---------- SUPPLIED MATERIAL ----------
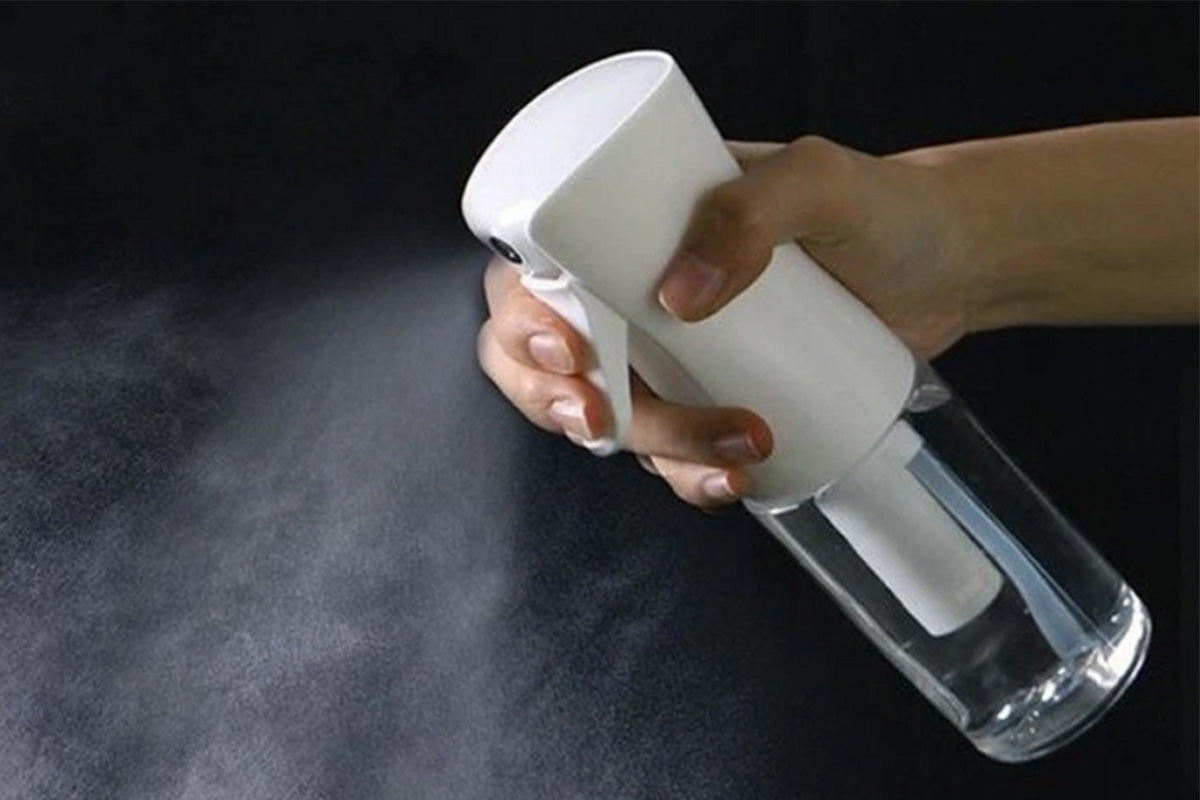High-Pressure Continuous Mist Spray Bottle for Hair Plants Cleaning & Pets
----------
---------- SUPPLIED MATERIAL ----------
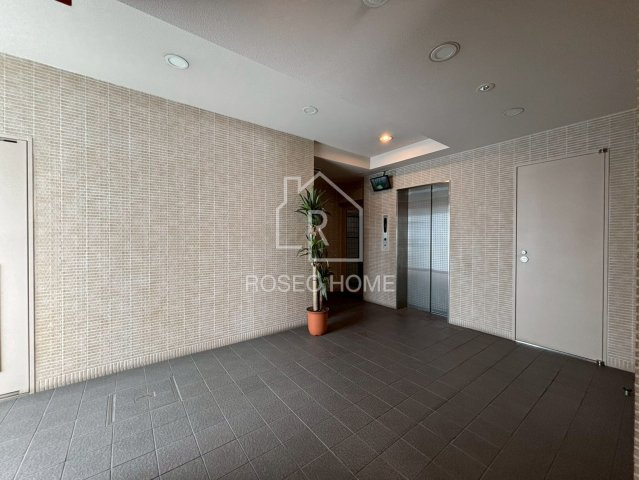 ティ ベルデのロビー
----------
---------- SUPPLIED MATERIAL ----------
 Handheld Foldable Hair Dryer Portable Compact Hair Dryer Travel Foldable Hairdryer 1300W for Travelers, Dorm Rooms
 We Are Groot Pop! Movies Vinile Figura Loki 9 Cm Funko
----------
WHAT THIS TASK INVOLVES
Take the line above containing "Handheld Foldable Hair", the line containing "We Are Groot", and all lines in between, and copy them exactly without anything else.

SOLUTION TO THE EXERCISE
 Handheld Foldable Hair Dryer Portable Compact Hair Dryer Travel Foldable Hairdryer 1300W for Travelers, Dorm Rooms
 We Are Groot Pop! Movies Vinile Figura Loki 9 Cm Funko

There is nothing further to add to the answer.